Characteristics of the 2002 study population are shown in Table 1. After adjustment for caloric intake, study participants in the highest AHEI quintile spent 24% more money each day on food prepared at home than those in the lowest quintile. Participants in the highest quintile had higher intakes of fruit and fruit juice, vegetables, poultry and fish, nuts, soy and beans, whole grain, and alcohol and lower intakes of red and processed meat, high-fat dairy, grains, and snacks and sweets. In comparison with the lowest AHEI quintile, the highest AHEI quintile had lower rates of angina, diabetes, and hypertension. Participants in the highest quintile were more likely to be currently married, living with their spouse, white, and to have gained additional education beyond their nursing degree. The Spearman's correlation coefficient between energy-adjusted total spending and energy-adjusted AHEI score was 0.44 (P value < 0.0001).

TABLE 1.

Characteristics of Nurses’ Health Study participants in 20021

Alternative Healthy Eating Index score
Lowest quintile Middle quintile Highest quintile P for trend
Median amount spent (US$/d) 3.72 (0.01) 4.31 (0.01) 4.62 (0.01) <0.0001
Alternative Healthy Eating Index score 30 (0.04) 44 (0.04) 59 (0.06) <0.0001
Diet (servings/d)
 Fruit and fruit juice 1.17 (0.01) 1.94 (0.01) 2.59 (0.01) <0.0001
 Vegetables 2.33 (0.01) 3.60 (0.02) 4.52 (0.02) <0.0001
 Red and processed meat 0.90 (0.00) 0.68 (0.00) 0.32 (0.00) <0.0001
 Poultry and fish 1.75 (0.02) 2.16 (0.02) 2.34 (0.02) <0.0001
 Nuts, soy, and beans 0.18 (0.00) 0.41 (0.00) 0.70 (0.00) <0.0001
 Eggs 0.28 (0.00) 0.29 (0.00) 0.28 (0.00) 0.66
 High-fat dairy 1.59 (0.01) 1.12 (0.01) 0.64 (0.01) <0.0001
 Low-fat dairy 1.00 (0.01) 1.16 (0.01) 1.15 (0.01) <0.0001
 Whole grains 0.64 (0.01) 1.05 (0.01) 1.43 (0.01) <0.0001
 Refined grains 3.83 (0.02) 3.41 (0.02) 2.73 (0.02) <0.0001
 Snacks and sweets 1.71 (0.01) 1.52 (0.01) 1.15 (0.01) <0.0001
 Alcohol 0.25 (0.01) 0.34 (0.00) 0.44 (0.00) <0.0001
Duration of multivitamin use (y) 21 (0.27) 22 (0.16) 22 (0.11) 0.35
trans Unsaturated fat (g/d) 1.48 (0.00) 1.10 (0.00) 0.69 (0.00) <0.0001
Caloric intake (kcal) 1650 (4.34) 1711 (4.37) 1636 (4.14) 0.53
Age (y) 68 (0.06) 68 (0.06) 68 (0.06) 0.49
BMI (kg/m2) 28 (0.05) 27 (0.04) 25 (0.04) <0.0001
Current smoker (%) 14 (0.00) 08 (0.00) 04 (000) <0.0001
History of (%)
 Angina 10 (0.00) 09 (0.00) 08 (0.00) <0.0001
 Diabetes 12 (0.00) 11 (0.00) 07 (0.00) <0.0001
 Hypertension 58 (0.00) 55 (0.00) 49 (0.00) <0.0001
 Hypercholesterolemia 64 (0.00) 66 (0.00) 65 (0.00) <0.0001
Currently married (%) 67 (0.00) 70 (0.00) 69 (0.00) <0.001
Widowed (%) 18 (0.00) 17 (0.00) 17 (0.00) <0.001
White (%) 85 (0.00) 88 (0.00) 89 (0.00) <0.0001
Highest level of education (%)
 Bachelor's 15 (0.00) 18 (0.00) 22 (0.00) <0.0001
 Master's 05 (0.00) 08 (0.00) 12 (0.00) <0.0001
 Doctorate 00 (0.00) 01 (0.00) 01 (0.00) <0.0001
Employed full-time (%)
 Non-nursing 03 (0.00) 04 (0.00) 05 (0.00) <0.0001
 Nursing 13 (0.00) 12 (0.00) 12 (0.00) <0.01
Retired (%) 65 (0.00) 67 (0.00) 66 (0.00) 0.16
Living situation (%)
 With spouse 67 (0.00) 70 (0.00) 69 (0.00) <0.0001
 With other family 06 (0.00) 04 (0.00) 04 (0.00) <0.0001
1

All values are means; SEs in parentheses. Alternative Healthy Eating Index scores were adjusted for caloric intake by the residual method.

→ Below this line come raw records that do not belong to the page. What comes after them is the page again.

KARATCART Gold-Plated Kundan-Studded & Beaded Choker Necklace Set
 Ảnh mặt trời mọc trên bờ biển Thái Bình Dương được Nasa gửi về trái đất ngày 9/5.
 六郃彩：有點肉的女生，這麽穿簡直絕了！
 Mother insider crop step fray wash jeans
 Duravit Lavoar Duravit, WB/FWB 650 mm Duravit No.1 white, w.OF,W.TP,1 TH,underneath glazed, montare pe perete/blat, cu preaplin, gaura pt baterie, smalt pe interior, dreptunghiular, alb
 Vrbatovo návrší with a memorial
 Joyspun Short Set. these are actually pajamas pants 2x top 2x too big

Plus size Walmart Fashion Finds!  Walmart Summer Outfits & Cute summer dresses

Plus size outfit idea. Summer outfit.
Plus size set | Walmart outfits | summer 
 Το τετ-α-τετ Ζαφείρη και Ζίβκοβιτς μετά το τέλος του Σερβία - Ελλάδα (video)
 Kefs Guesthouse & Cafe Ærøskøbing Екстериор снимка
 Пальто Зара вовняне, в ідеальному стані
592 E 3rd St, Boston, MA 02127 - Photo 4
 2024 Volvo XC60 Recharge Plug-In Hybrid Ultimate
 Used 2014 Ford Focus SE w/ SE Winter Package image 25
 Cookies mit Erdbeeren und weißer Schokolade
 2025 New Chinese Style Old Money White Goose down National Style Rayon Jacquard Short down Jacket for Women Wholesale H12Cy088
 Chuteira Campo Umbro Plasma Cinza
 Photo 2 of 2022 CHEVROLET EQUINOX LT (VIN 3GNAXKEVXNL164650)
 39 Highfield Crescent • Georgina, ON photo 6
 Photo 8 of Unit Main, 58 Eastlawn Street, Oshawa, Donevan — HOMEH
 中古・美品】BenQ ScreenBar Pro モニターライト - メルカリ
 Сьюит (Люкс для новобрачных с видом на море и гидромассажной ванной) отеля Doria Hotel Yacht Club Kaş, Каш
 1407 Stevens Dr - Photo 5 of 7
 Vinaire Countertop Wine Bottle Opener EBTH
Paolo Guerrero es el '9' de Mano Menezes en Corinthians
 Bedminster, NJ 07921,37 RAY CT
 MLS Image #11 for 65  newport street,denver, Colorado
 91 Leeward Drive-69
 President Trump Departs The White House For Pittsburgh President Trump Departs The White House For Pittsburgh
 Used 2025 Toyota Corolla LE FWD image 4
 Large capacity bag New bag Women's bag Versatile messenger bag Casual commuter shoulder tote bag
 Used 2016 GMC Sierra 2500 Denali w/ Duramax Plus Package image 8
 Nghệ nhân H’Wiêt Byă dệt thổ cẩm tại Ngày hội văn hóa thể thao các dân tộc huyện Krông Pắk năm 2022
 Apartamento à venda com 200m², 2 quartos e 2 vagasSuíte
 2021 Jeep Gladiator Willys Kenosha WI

Study participants lived in all 50 US states. Study participants in one state did not appear to have a significantly different spending pattern than did participants in all other states. White study participants spent more money on food than did black or Asian participants. Increasing education, living with a spouse, being married, and working full-time or part-time were significantly associated with higher total spending on food, whereas retirement and widowhood were associated with lower overall spending. Increasing age was associated with a small decrease in spending (−0.04 US $/y; SE: 0.00; P < 0.0001), so that after age was controlled for in a model of covariance, retirement was no longer associated with less spending compared with full-time nursing. Further adjustment in an analysis of covariance model with calorie-adjusted total spending as the dependent variable and race, employment status, living situation, marital status, education, and age as independent variables did not substantially alter these results (data not shown).

Increasing education was significantly associated with higher HEI scores, as was living with a spouse, when compared with living alone, and being married, when compared with widowhood (P < 0.05). Asians had higher AHEI scores compared with white participants. Increasing age was associated with a small decrease in AHEI scores (−0.1 points/y; SE: 0.01; P < 0.0001). In the analysis of covariance model with calorie-adjusted AHEI score as the dependent variable and demographic variables plus age as independent variables, increasing education remained associated with higher scores (data not shown).

Study participants’ adherence to a healthy eating pattern varied substantially (Figure 1). The median AHEI value was 44, with an interquartile range of 36–52. AHEI scores increased monotonically with increasing spending. The difference in AHEI scores (10th–90th percentile) among all study participants was 30 index points. Large differences in AHEI scores were seen within each spending quintile: the difference between the 10th and 90th percentiles of AHEI score in the lowest spending quintile was 25 index points, whereas in the highest quintile, the difference was 29 index points. The magnitude of the distribution of AHEI scores within each quintile of spending was similar. The associations between AHEI and spending changed little when we dichotomized study participants to caloric intakes above and below 1800 kcal/d (data not shown).

FIGURE 1.

FIGURE 1.

2002 Spending on Food compared with Alternative Healthy Eating Index (AHEI) score (AHEI range: 2.5–87.5). Both AHEI scores and food spending are calorie-adjusted by the residual method.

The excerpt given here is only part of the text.